De l'indépendance du Kosovo, qui devait être proclamée dimanche 17 février, on pourrait dire ce que disait Churchill à propos de la démocratie : c'est la pire des solutions, à l'exception de toutes les autres. L'Union européenne, qui tiendra le nouvel Etat sur les fonts baptismaux, le sait bien. Elle s'apprête à envoyer dans l'ancienne province de Serbie la plus importante mission qu'elle ait jamais décidée dans le cadre de sa politique de sécurité et de défense. Quelque 2 000 policiers, juges, douaniers vont s'ajouter aux 15 000 soldats de la KFOR pour "surveiller" l'indépendance du Kosovo.
Certes, les albanophones, qui représentent 90 % des deux millions d'habitants du Kosovo, sont favorables, dans leur écrasante majorité, à une indépendance qui apparaît comme l'issue logique de la guerre de 1999. Ils estiment même avoir fait preuve d'une longue patience après des années de résistance passive contre l'oppression serbe exacerbée à la suite de l'arrivée au pouvoir à Belgrade de Slobodan Milosevic, à la fin des années 1980, et après dix ans de tutelle onusienne. Mais l'indépendance, soutenue aussi par les Etats-Unis, suscite de fortes oppositions. De la part des Serbes, d'abord. Ceux-ci considèrent le Kosovo, où se trouve le Champ des Merles, haut lieu de leur défaite contre les Ottomans en 1389, comme le berceau de leur nation. Des Russes aussi, qui se sentent floués par les Occidentaux. De certains pays de l'UE, qui craignent, par contagion, de voir leurs minorités revendiquer les mêmes droits que les Kosovars.
L'Europe se présente encore une fois dans les Balkans en ordre dispersé. A la différence des années 1990 cependant, quand la Yougoslavie s'est effondrée, elle ne se déchirera pas. Elle est décidée à sauver les apparences. Même si certains parmi les vingt-sept membres de l'UE ne reconnaîtront pas le nouvel Etat, aucun ne s'est opposé à la mission au Kosovo.
Il n'en demeure pas moins que l'Europe joue à contre-emploi. Fondée sur le dépassement des nationalismes, elle donne l'impression de récompenser le nationalisme kosovar. Au nom de quoi refusera-t-elle l'autodétermination des Serbes de la région de Mitrovica, au nord du Kosovo, voire celle des Serbes de la Republika Srpska en Bosnie-Herzégovine ? Au nom de la raison d'Etat ?

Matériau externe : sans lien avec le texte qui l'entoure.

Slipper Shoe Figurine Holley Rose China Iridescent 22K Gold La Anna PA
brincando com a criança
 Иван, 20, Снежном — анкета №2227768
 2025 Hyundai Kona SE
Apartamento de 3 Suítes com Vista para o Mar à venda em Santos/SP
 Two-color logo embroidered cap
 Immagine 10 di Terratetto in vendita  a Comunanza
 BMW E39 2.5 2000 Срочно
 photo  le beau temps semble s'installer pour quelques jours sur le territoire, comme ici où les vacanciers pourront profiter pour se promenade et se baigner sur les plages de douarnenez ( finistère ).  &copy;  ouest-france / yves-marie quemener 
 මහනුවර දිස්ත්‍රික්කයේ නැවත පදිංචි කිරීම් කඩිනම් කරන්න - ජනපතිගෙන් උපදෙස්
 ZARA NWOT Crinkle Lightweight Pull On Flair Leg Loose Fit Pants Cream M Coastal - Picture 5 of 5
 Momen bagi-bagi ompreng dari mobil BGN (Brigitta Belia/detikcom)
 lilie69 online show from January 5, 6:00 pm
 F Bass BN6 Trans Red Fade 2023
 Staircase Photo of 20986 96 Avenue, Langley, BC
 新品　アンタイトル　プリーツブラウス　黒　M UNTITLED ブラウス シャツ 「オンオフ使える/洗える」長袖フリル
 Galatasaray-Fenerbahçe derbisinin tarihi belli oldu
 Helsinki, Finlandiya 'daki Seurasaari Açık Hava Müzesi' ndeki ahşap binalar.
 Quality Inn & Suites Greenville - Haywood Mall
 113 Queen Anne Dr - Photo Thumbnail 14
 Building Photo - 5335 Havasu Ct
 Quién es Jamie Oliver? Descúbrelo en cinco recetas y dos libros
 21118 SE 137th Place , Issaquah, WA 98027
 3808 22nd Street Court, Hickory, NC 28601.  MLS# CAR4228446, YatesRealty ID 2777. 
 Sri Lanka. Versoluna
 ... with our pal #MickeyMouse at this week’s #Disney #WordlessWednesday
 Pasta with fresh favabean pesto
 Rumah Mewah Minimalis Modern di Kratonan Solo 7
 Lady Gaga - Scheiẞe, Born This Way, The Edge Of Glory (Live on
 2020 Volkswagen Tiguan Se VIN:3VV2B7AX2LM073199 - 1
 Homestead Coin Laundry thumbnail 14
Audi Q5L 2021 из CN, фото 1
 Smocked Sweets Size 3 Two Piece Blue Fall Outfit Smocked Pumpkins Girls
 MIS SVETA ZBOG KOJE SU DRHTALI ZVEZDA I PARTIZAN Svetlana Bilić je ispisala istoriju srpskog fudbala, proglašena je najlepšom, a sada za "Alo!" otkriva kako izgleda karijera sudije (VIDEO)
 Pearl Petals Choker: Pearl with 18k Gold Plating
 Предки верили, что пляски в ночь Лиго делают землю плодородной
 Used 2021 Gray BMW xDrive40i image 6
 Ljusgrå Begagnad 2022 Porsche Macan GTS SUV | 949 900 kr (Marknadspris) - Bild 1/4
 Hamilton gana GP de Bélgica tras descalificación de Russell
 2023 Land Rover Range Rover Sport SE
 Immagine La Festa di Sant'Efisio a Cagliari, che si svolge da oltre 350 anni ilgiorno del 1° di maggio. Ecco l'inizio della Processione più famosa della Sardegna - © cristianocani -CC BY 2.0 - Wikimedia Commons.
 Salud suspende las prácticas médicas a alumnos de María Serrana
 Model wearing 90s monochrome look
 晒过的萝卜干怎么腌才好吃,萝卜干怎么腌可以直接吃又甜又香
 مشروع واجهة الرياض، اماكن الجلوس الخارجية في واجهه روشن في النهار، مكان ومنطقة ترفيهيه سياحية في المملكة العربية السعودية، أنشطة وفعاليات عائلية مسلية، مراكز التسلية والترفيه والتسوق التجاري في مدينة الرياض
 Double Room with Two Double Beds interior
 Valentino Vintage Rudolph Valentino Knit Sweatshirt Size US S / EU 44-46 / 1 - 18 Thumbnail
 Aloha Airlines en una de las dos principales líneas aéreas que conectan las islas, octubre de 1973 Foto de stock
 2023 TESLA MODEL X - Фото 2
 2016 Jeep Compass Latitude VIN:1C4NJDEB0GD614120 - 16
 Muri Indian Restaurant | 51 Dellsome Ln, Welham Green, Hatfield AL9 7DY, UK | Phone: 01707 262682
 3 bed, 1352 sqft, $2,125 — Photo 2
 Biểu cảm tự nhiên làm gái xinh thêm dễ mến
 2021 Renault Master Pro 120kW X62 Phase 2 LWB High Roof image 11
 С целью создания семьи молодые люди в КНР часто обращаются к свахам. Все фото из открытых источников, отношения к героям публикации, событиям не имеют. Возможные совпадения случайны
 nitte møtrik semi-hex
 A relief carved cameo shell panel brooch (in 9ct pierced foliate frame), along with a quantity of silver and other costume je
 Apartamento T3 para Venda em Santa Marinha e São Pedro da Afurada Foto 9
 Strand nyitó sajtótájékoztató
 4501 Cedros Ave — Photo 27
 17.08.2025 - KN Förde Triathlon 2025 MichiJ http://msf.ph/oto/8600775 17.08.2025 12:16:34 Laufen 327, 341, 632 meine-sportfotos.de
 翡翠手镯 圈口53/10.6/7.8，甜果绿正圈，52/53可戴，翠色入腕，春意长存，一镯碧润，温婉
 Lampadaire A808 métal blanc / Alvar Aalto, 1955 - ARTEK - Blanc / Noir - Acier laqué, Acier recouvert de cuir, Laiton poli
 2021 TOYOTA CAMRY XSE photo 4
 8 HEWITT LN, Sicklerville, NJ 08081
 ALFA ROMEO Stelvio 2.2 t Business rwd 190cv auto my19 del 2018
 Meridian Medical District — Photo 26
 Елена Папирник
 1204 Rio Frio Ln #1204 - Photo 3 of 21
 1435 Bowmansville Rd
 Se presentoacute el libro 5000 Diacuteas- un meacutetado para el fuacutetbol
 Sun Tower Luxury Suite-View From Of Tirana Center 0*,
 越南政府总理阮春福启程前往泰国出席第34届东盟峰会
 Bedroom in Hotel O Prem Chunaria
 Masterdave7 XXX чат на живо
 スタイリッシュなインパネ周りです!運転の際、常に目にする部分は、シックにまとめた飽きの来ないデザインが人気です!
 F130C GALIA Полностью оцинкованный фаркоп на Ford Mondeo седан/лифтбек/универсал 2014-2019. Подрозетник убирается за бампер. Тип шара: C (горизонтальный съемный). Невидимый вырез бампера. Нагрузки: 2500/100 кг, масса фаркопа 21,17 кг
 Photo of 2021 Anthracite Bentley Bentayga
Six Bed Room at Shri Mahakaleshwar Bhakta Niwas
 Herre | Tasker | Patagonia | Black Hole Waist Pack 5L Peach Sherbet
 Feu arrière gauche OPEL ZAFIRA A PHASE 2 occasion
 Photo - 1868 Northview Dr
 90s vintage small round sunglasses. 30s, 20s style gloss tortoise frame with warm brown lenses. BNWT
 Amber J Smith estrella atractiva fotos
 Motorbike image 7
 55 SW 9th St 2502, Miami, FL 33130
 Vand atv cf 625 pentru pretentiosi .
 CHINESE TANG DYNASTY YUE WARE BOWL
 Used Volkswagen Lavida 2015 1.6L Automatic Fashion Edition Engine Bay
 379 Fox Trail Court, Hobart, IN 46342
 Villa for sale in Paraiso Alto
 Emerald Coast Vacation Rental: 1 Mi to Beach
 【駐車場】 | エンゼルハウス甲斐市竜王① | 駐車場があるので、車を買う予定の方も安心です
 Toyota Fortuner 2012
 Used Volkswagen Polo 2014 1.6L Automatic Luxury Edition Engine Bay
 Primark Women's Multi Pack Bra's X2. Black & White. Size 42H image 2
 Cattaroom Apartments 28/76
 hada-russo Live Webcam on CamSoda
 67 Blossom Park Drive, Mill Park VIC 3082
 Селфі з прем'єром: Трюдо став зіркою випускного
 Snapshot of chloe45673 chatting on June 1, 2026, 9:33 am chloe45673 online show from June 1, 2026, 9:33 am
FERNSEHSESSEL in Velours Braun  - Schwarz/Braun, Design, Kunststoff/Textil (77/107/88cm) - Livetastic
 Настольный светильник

Loin d'être comme chacun l'espère le dernier soubresaut de la dissolution de la Yougoslavie, l'indépendance du Kosovo ne serait alors qu'un nouvel épisode de l'instabilité balkanique. Pour conjurer ce danger, l'UE devra s'investir, plus encore qu'elle ne le fait actuellement, dans toute la région. Et en particulier en Serbie, qui doit pouvoir croire en son avenir européen. Cette politique coûtera cher en ressources matérielles et humaines. Les Européens doivent en être conscients.